#### Requirement
Only the lines from the one with "এবার স্বামী সঞ্জয়" to the end of the listing below should be set down, exactly as written and without any pictures.

── Stored data ──

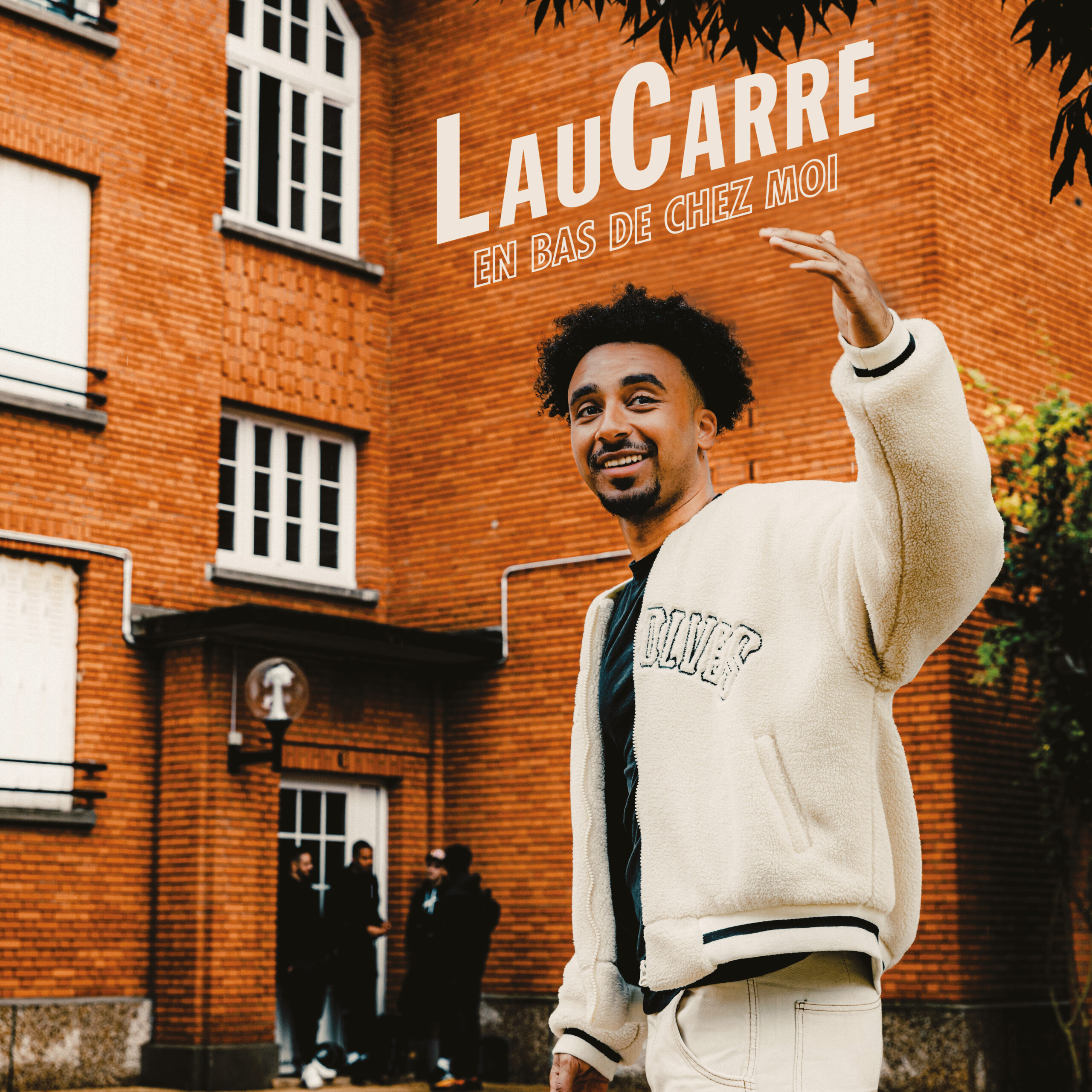 LauCarré se dévoile sur son nouvel EP "En bas de chez moi"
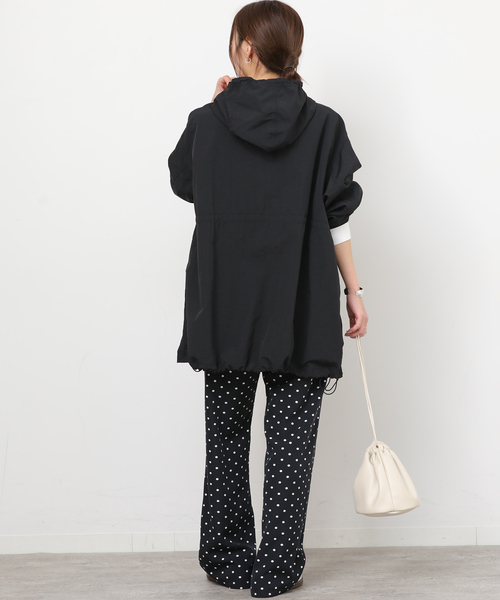 JOURNAL STANDARD relume（ジャーナルスタンダード　レリューム）の「［手洗い可］撥水ナイロンフーディーブルゾン（ナイロンジャケット・レディース・ブラック/ベージュ・FREE）」の3枚目の写真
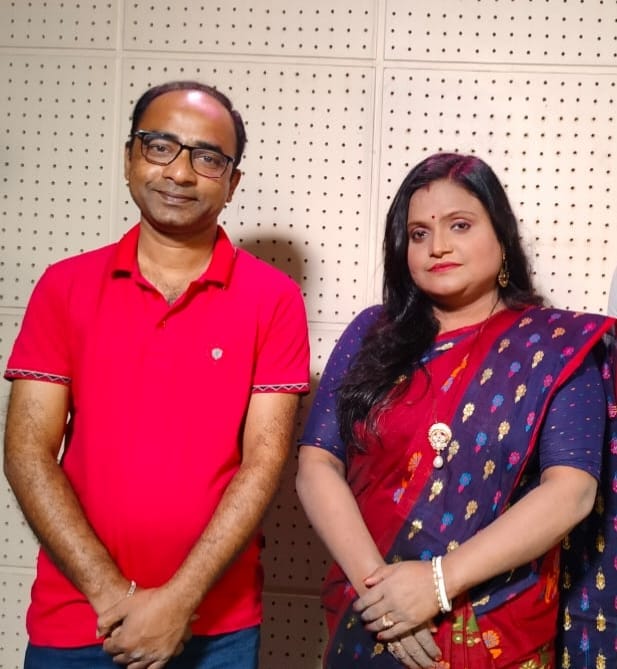 এবার স্বামী সঞ্জয় সরকারের গানে কণ্ঠ দিলেন ক্লোজআপ তারকা পিয়া বৈশ্য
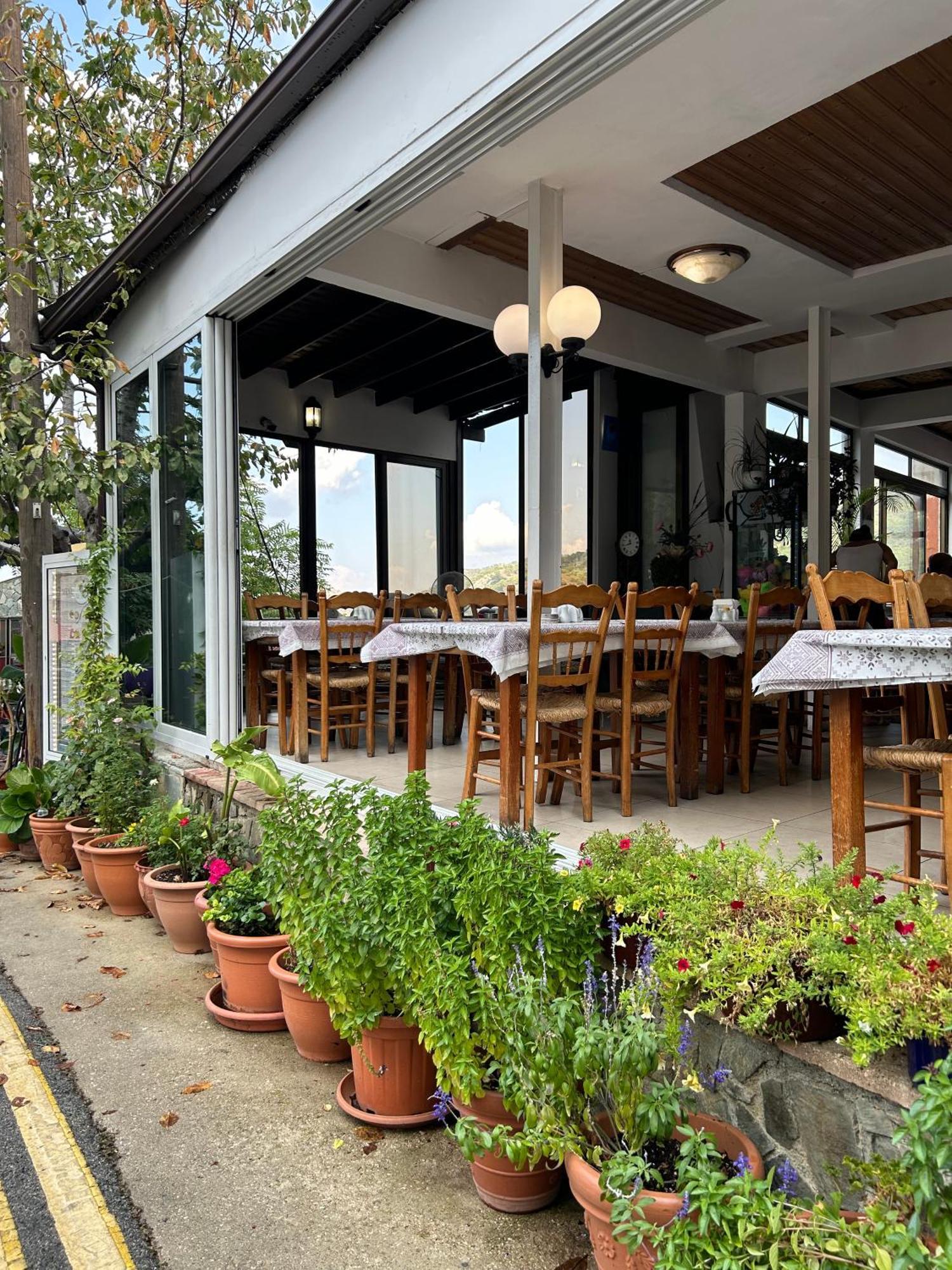 Two Flowers Hotel Pedhoulas Exterior photo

───

#### Response to the exercise
 এবার স্বামী সঞ্জয় সরকারের গানে কণ্ঠ দিলেন ক্লোজআপ তারকা পিয়া বৈশ্য
 Two Flowers Hotel Pedhoulas Exterior photo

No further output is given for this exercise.